Taxe carbone: place aux faits, plaide la Commission de l’écofiscalité du Canada

La tarification du carbone figure au cœur de la stratégie de lutte contre les changements climatiques.
Photo: Jacques Nadeau Le Devoir La tarification du carbone figure au cœur de la stratégie de lutte contre les changements climatiques.

Le prix du carbone n’a pas besoin d’être très élevé pour contribuer à réduire les émissions de gaz à effet de serre, souligne un rapport de la Commission de l’écofiscalité du Canada en citant l’exemple de la Colombie-Britannique.

Voilà l’un des quelques rappels que la Commission a tenu à faire dans un document intitulé Dix mythes sur la tarification du carbone, destiné selon elle à apporter des faits dans le débat public sur ce mécanisme.

Alors qu’Ottawa s’estime autorisé à imposer une tarification à l’échelle pancanadienne, le premier ministre ontarien a aboli son marché du carbone l’an dernier, estimant qu’il nuisait à l’économie, et les conservateurs albertains jurent d’éliminer la taxe carbone mise en place par le NPD de Rachel Notley s’ils sont élus dans trois semaines.

« Il ne s’agit pas de s’ingérer dans le débat politique », a dit France St-Hilaire, vice-présidente à la recherche à l’Institut de recherche en politiques publiques et membre de la Commission. « C’est vraiment d’apporter de l’information qui est disponible et de remettre les choses au point, avec certains arguments. »

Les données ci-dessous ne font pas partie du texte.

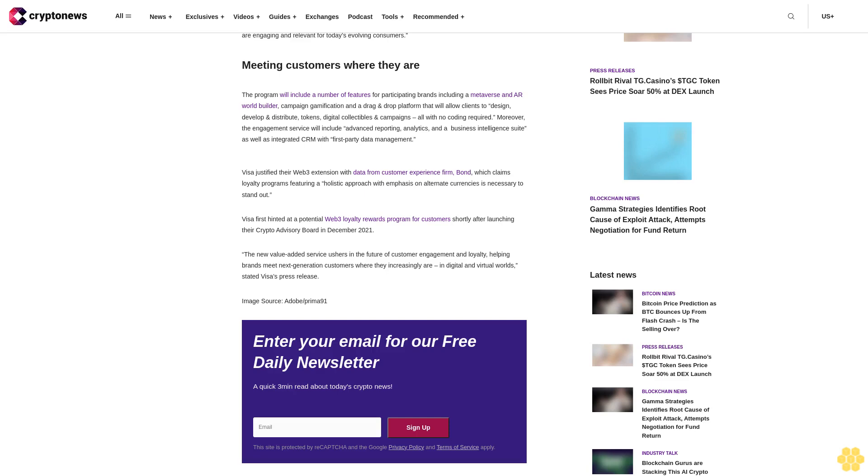Meeting customers where they are. The program will include a number of features for participating brands, including a metaverse and AR world builder, campaign gamification, and a drag-and-drop platform that will allow clients to design, develop, and distribute tokens, digital collectibles, and campaigns all with no coding required. Moreover, the engagement service will include advanced reporting analytics and a business intelligence suite, as well as integrated CRM with first-party data management.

Le gouvernement de la Colombie-Britannique a été le premier en Amérique du Nord à annoncer une taxe carbone lorsqu’il en a fait la présentation en 2008, mentionne le rapport, qui recense d’autres études afin d’étayer ses arguments. De 10 $ la tonne au début, le prix est graduellement passé à 35 $ la tonne dix ans plus tard. Pendant la même période, la consommation d’essence et de gaz naturel a diminué de 7 %.

Le plan d’Ottawa récemment implanté a imposé un prix initial de 20 $, lequel augmentera de 10 $ par année pour atteindre 50 $ en 2022.

Une taxe carbone a la capacité d’influer sur les comportements de manière plus marquée, selon le rapport. Dans le cas des automobilistes de la Colombie-Britannique, ils étaient « quatre fois plus réactifs » à un changement de prix d’essence lié à la taxe carbone qu’à un changement découlant d’autres facteurs.

Le chef du Parti conservateur uni de l’Alberta, Jason Kenney, a récemment affirmé que la taxe carbone mise en place par le NPD de la première ministre Rachel Notley est « le plus grand mensonge de l’histoire de l’Alberta ». Si le parti de M. Kenney remporte l’élection du 16 avril, la taxe disparaîtra « d’ici le 30 mai », a-t-il dit en promettant des économies de 1,4 milliard pour les Albertains « d’un seul coup ».

« Les adversaires de la tarification du carbone devraient plaider leur cause en se fondant eux aussi sur des données probantes », a écrit la Commission de l’écofiscalité, présidée par un professeur de sciences économiques de l’Université McGill, Chris Ragan. « Les Canadiens doivent pouvoir discuter de façon honnête et informée. Recourir à des mythes et à de l’information douteuse nuit non seulement au débat sur la tarification du carbone, mais aussi à la conversation démocratique. »

Impact sur les ménages

La Commission revient aussi sur l’impact économique d’une taxe carbone auprès des ménages canadiens. Les règles du gouvernement fédéral prévoient que 80 % des ménages recevront une remise supérieure à ce que coûte la tarification du carbone. Quant à l’autre tranche de 20 %, mieux nantie, elle paiera plus que ce qu’elle recevra. « Notre propre analyse montre que, si on utilise 13 % des revenus de la taxe carbone pour financer des remises ciblées, on peut neutraliser les coûts pour environ 40 % des ménages dont le revenu est plus faible », a-t-elle écrit.

L’objectif du Canada consistera à réduire ses émissions de GES de 30 % d’ici 2030, par rapport au niveau de 2005. La tarification du carbone, qui n’est pas sans rappeler le mécanisme utilisé pour réduire les pluies acides dans les années 80 et 90, figure au coeur de la stratégie de lutte contre les changements climatiques.

Le Québec n’a pas attendu qu’Ottawa impose l’obligation de se doter d’un mécanisme. En 2013, le gouvernement Charest a mis en place un système de plafonnement et d’échange d’émissions. Ce dernier force les émetteurs à réduire leurs émissions polluantes, à défaut de quoi elles doivent se procurer des droits auprès des autres entreprises ou du gouvernement.

Dans le monde, 46 gouvernements nationaux ont mis en place un système de tarification, selon la Banque Mondiale. Les mécanismes en oeuvre couvrent actuellement 19,6 % des émissions totales de GES dans le monde.